Para levar a cabo o seu programa político-militar, Spínola tem o cuidado de se rodear de alguns dos mais competentes oficiais do Exército. Trabalharão junto a ele militares como Firmino Miguel, Pedro Cardoso, Ramalho Eanes, Carlos Fabião, Lemos Pires, Otelo Saraiva de Carvalho, Carlos Azeredo, Manuel Monge, Almeida Bruno, Robin de Andrade, Ricardo Durão e Rafael Durão. Também o escol dos pilotos-aviadores portugueses está concentrado na base aérea de Bissau.

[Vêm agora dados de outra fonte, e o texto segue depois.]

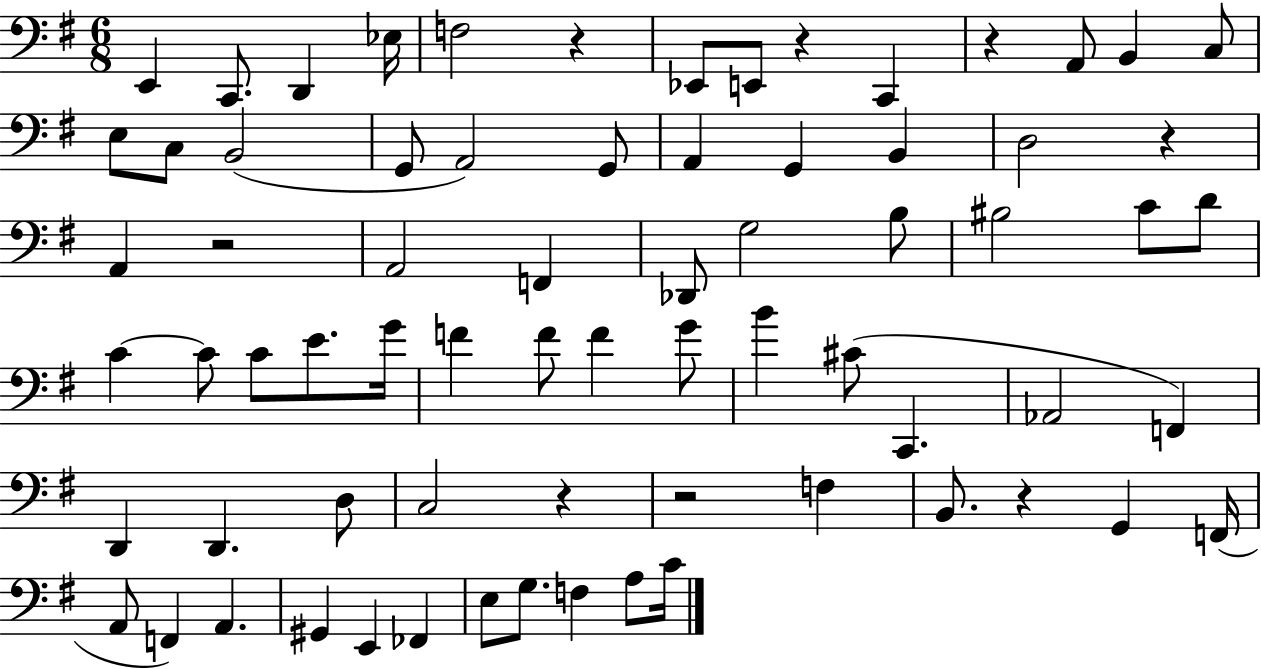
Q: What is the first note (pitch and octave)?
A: E2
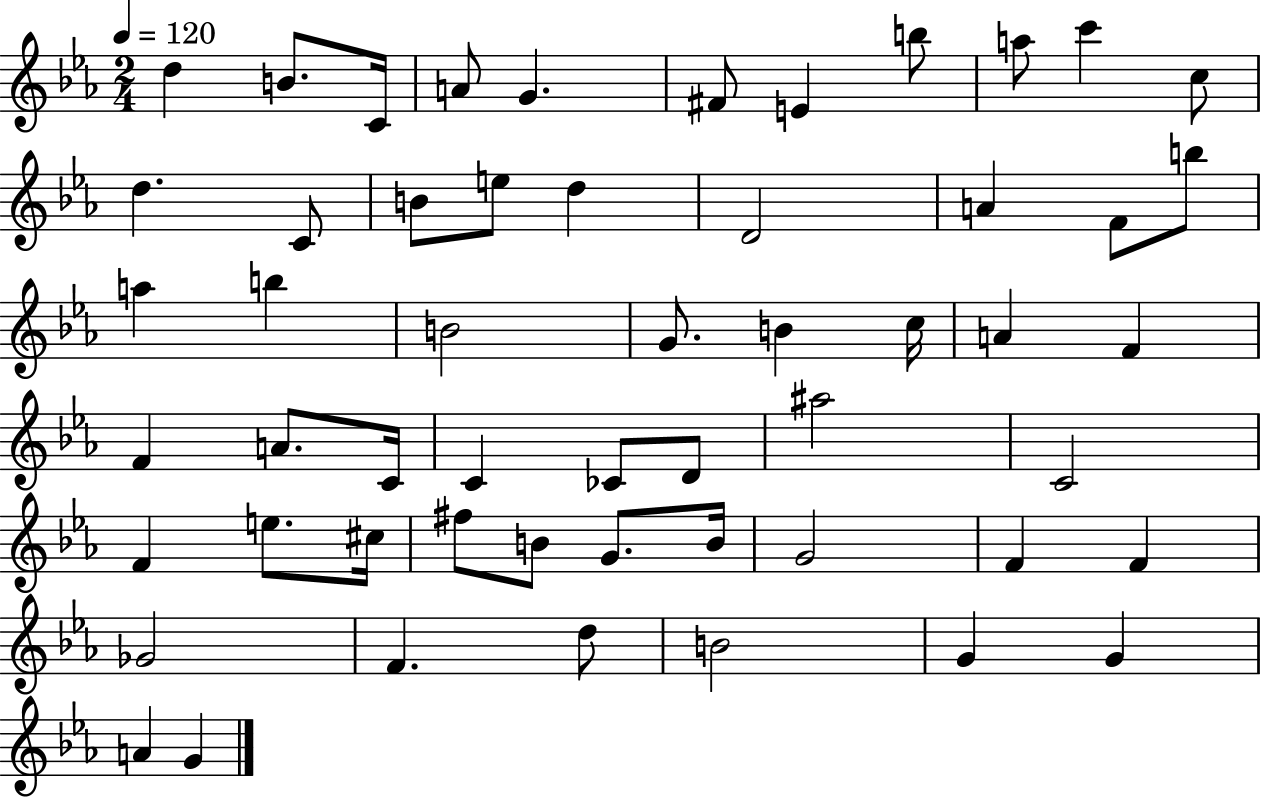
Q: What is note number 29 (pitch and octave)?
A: F4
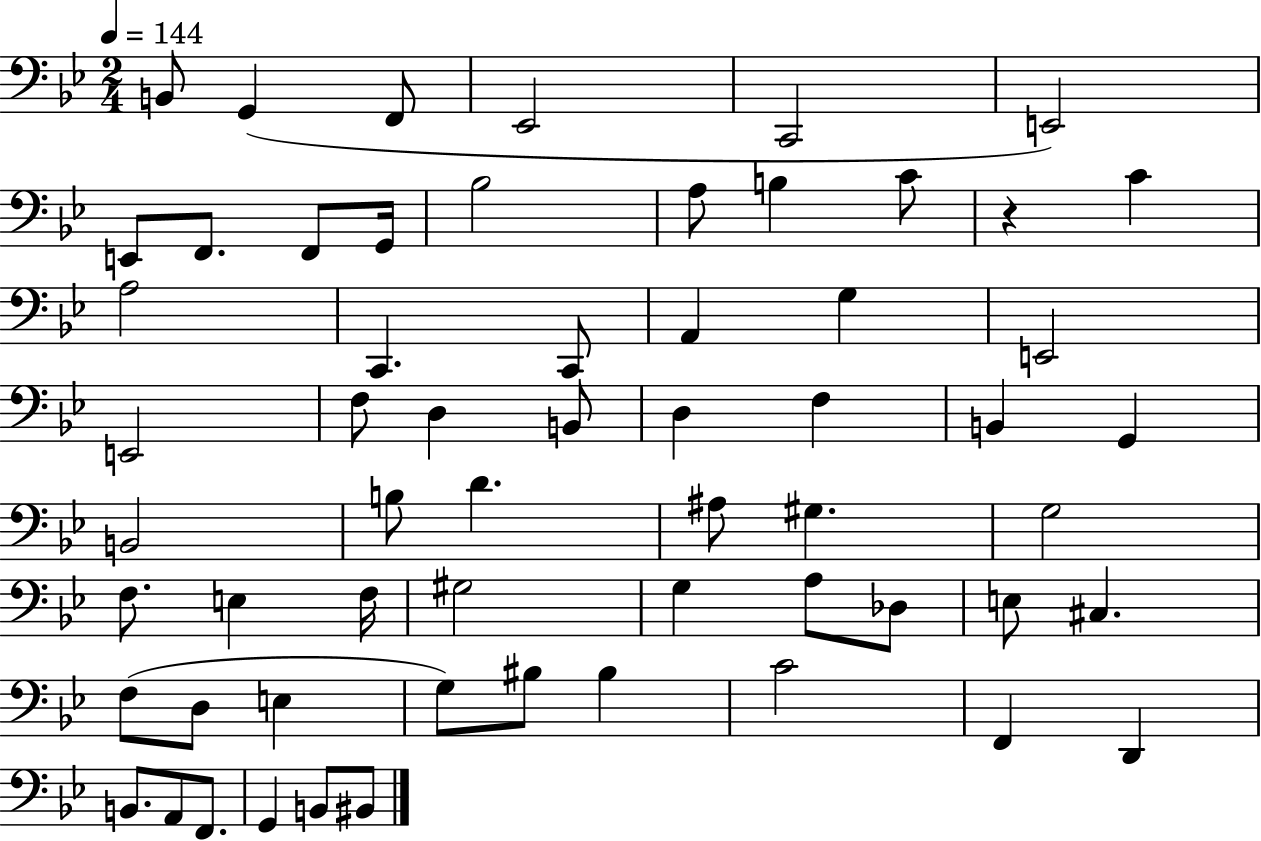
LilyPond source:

{
  \clef bass
  \numericTimeSignature
  \time 2/4
  \key bes \major
  \tempo 4 = 144
  b,8 g,4( f,8 | ees,2 | c,2 | e,2) | \break e,8 f,8. f,8 g,16 | bes2 | a8 b4 c'8 | r4 c'4 | \break a2 | c,4. c,8 | a,4 g4 | e,2 | \break e,2 | f8 d4 b,8 | d4 f4 | b,4 g,4 | \break b,2 | b8 d'4. | ais8 gis4. | g2 | \break f8. e4 f16 | gis2 | g4 a8 des8 | e8 cis4. | \break f8( d8 e4 | g8) bis8 bis4 | c'2 | f,4 d,4 | \break b,8. a,8 f,8. | g,4 b,8 bis,8 | \bar "|."
}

No domínio político, Spínola valoriza os canais de contacto directo ou indirecto com as forças apoiantes da guerrilha ou com o próprio PAIGC. Esse era um terreno que se encontrava praticamente virgem antes de chegar a Bissau. As autoridades portuguesas tinham estimulado a acção de um grupo alternativo ao PAIGC - a FLING (Frente de Libertação Nacional da Guiné), de Benjamim Pinto Bull, que nunca combatera e se mostrava favorável a entendimentos com Lisboa. Porém, a FLING jamais se impusera como contraponto da organização de Amílcar Cabral, pelo que constituía uma aposta perdida. O primeiro contacto entre a FLING e as autoridades portuguesas fora promovido ainda em 1963 pelo presidente senegalês, Leopold Senghor. Senghor receava a influência de Sekou Touré sobre o PAIGC e a possibilidade de uma Guiné-Bissau independente constituir um instrumento de Conakry mesmo encostado à fronteira litoral do Senegal. Embora, por razões de solidariedade pan-africana, viesse a facilitar a instalação de bases de guerrilha no seu território, mantinha uma atitude de conveniente ambiguidade perante o desenrolar do conflito. Também o seu relacionamento com os Portugueses era incerto e regularmente pontuado por protestos contra alegados bombardeamentos do seu território pela aviação de Bissau.
Diálogo e Cacete
Em 1968, porém, Senghor mostrara-se favorável a que a Guiné-Bissau permanecesse integrada, depois da independência, numa confederação que designava por «Comunidade Afro-Luso-Brasileira». Saudando a chegada de Spínola através de um mensageiro da PIDE, o líder senegalês propunha mesmo um encontro com o novo governador. Lisboa achou prematuro, mas, depois da substituição de Salazar por Marcello Caetano, a receptividade a propostas desse tipo iria mudar. Após contactos através da Embaixada suíça em Dakar (dado que as relações luso-senegalesas se encontravam cortadas), um enviado português foi a esta capital discutir a possibilidade do estabelecimento de uma ligação com o PAIGC, sob os auspícios do próprio Senghor. Acordou-se que, num gesto de boa vontade, o Exército português suspenderia as operações ofensivas contra a guerrilha, mas Lisboa viria a queixar-se do lançamento de uma série de ataques violentos pelos rebeldes, a partir do Senegal, e a dar por rompido o entendimento. Dakar queixou-se de novo pela «agressão» nas Nações Unidas, mas a diplomacia secreta seria retomada mais tarde com um encontro entre os ministros dos Negócios Estrangeiros dos dois países, em Paris. O Senegal revela porém, na ONU, que estão em curso negociações. O PAIGC, que declara sentir-se traído por desconhecer os contactos, lança então novos ataques a partir da fronteira norte, o que leva a nova retaliação e ao mesmo processo de queixa nas Nações Unidas.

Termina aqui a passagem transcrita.